INSTRUCTIONS FOR THE TASK — Work out how many lines of this material hold the word "Wedding". Write only that number.

(Beginning of MATERIAL PROVIDED)

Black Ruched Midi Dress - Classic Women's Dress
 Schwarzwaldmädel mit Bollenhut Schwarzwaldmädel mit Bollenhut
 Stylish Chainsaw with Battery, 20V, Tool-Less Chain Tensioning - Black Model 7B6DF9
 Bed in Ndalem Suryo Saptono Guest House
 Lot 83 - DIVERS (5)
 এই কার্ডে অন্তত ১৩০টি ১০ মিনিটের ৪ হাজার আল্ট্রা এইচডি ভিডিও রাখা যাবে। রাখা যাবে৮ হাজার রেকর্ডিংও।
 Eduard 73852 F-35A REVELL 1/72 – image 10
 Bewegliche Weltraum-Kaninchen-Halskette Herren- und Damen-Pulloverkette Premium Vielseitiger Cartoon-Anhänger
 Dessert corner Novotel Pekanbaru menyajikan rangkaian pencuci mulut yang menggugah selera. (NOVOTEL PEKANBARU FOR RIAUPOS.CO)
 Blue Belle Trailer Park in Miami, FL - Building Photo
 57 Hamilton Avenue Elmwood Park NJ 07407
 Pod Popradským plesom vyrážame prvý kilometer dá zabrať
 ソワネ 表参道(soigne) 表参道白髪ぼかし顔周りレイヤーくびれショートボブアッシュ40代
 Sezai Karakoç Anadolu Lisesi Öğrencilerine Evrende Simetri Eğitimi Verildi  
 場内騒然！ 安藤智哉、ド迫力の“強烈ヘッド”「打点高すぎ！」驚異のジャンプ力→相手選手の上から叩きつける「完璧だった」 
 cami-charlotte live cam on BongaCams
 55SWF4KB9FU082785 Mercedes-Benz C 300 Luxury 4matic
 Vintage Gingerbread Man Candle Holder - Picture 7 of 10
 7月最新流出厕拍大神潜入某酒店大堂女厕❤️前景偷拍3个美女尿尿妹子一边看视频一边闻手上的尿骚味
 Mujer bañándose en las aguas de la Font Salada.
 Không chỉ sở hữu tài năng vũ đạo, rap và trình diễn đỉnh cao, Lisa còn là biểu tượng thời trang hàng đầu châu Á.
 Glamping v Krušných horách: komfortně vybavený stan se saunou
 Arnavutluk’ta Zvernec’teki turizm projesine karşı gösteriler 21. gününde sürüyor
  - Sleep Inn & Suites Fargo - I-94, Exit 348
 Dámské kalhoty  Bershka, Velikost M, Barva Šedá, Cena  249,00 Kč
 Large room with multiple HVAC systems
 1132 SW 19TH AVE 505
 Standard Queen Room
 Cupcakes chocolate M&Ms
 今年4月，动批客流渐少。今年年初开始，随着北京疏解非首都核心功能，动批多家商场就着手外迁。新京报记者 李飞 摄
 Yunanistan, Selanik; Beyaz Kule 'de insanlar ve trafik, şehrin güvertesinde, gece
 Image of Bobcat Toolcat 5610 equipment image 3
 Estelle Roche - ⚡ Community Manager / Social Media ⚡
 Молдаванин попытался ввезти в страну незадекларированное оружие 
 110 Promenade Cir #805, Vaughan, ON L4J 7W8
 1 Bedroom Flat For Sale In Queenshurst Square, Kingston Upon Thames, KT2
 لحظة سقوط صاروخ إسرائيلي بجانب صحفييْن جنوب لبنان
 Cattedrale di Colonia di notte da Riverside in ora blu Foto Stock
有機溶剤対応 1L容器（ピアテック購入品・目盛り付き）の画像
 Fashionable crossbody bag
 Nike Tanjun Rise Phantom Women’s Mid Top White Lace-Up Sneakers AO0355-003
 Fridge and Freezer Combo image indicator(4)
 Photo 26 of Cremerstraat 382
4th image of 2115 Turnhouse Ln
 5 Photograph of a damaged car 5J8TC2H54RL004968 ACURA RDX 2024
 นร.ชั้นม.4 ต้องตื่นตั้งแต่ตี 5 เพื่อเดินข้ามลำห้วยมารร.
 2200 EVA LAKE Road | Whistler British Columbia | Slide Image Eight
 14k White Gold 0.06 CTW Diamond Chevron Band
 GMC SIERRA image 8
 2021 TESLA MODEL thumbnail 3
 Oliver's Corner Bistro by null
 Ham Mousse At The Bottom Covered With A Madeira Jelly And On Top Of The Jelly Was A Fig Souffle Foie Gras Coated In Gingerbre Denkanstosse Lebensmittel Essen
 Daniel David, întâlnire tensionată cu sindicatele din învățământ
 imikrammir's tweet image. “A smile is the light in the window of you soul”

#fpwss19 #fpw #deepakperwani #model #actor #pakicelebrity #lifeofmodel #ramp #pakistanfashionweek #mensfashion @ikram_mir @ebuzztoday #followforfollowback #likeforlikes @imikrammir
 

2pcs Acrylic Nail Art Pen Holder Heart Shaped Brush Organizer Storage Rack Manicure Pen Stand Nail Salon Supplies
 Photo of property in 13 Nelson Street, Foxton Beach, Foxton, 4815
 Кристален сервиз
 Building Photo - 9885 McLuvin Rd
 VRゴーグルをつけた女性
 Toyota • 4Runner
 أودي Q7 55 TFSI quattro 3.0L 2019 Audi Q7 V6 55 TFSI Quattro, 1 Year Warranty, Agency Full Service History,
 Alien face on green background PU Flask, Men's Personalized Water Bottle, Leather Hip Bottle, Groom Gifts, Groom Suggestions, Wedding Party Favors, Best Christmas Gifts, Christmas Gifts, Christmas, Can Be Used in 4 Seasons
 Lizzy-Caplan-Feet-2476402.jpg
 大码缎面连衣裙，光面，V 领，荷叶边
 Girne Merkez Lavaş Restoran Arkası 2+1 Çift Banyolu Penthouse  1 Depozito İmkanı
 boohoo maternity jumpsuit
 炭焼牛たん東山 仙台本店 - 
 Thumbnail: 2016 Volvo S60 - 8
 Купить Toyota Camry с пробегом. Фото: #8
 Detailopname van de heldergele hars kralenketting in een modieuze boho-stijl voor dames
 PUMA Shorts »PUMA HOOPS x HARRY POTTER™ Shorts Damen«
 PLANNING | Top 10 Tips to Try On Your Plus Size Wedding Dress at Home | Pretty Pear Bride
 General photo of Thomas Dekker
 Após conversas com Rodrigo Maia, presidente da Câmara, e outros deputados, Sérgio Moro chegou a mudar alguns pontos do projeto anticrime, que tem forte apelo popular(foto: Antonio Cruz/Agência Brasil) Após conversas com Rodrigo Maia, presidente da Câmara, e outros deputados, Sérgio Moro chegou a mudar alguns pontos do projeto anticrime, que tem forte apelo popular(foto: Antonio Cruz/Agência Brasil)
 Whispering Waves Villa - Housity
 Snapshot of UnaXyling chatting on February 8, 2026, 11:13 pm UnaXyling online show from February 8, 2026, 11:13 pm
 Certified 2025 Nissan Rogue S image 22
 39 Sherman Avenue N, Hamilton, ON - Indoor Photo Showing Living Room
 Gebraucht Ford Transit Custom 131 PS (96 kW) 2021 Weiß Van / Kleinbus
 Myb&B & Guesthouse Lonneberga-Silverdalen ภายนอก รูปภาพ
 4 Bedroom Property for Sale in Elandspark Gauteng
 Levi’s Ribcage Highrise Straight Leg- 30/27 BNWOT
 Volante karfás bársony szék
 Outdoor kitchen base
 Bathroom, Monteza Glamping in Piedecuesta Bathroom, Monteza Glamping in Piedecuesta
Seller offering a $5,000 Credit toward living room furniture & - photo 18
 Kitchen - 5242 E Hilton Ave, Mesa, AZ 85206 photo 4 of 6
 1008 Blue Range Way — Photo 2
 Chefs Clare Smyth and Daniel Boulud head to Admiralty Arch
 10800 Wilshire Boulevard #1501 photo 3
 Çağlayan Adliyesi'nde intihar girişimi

(End of MATERIAL PROVIDED)

TASK ANSWER — 2